The question of funding the AACF was separated from discussion of the rest of yesterday’s spring grants package, and eventually passed by the narrow margin of five votes. The rest of the grants passed 37 to 2.

The group will receive a total of $500.

Supporters said that the council had funded the group in the past and that the consequences of revoking funding would have a negative impact on the group, while continuing funding would not be immediately detrimental to any students.

“I can’t identify anyone who will be better off if we don’t fund this group,” said Barro, an Adams representative.

Council President Matthew W. Mahan ’05 said he thought the council’s dilemma over funding the AACF has been caused in large part by the Committee on College Life’s (CCL) handling of the issue.

Mahan said the CCL had first decided that the AACF policy was discriminatory and violated College policy, and then reversed itself last spring.

“The CCL kept it quiet and behind closed doors,” Mahan said. “They’ve done a disservice to the campus.”

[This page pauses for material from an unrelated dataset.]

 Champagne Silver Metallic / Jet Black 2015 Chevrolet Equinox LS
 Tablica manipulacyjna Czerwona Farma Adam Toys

AACF officials could not be reached for comment last night.

The council also voted to adopt a resolution urging the College to immediately implement Universal Keycard Access (UKA) for all undergraduates.

“UKA is an essential component to most effectively protect students,” Mahan said during debate over the resolution, which passed 35 to 3.

Mahan said that despite some House Masters’ concerns that UKA could lead to a rise in crime, the Harvard University Police Department has found “no increase in criminal activity” since Quincy House instituted Universal Keycard Access.

While the vast majority of the council supported of the resolution, some members raised doubts over whether safety rather than access was the primary motive of the council in supporting the bill.

“There are other meritable arguments we should be making,” said Aaron D. Chadbourne ’06, who voted against the resolution.

In response to the charges that the council was not being upfront about its motivations for pushing for UKA, Mahan said after the meeting that while “it’s definitely a convenience issue, the safety issue trumps all others.”

Mahan also said that he is planning to meet with Cambridge Mayor Michael Sullivan to discuss placing “blue-light” phones in Cambridge Common.

In other business, the council voted to approve its spring HoCo funding bill after rejecting an amendment that would have reduced the funding to Houses by $450 a piece. Vice president Michael R. Blickstead ’05 and secretary Jason L. Lurie ’05 said the $38,350 allocated to the HoCos was too large an amount.

“Personally, I’m worried it’s too much money,” said Blickstead.

But the amendment was rejected.

Another failed amendment to the bill, introduced by the first-year representatives, sought to grant $5,000 for capital improvements in the freshman dormitories. It will be reintroduced next week as a separate bill, according to the members who proposed it.

The council also was visited by members of the Ivy Council—composed of student councils from all of the Ivy League schools except Harvard—seeking to garner support to have Harvard rejoin the organization.

Harvard left in 2000, citing poor organization within the Ivy Council and misuse of funds by Ivy Council members.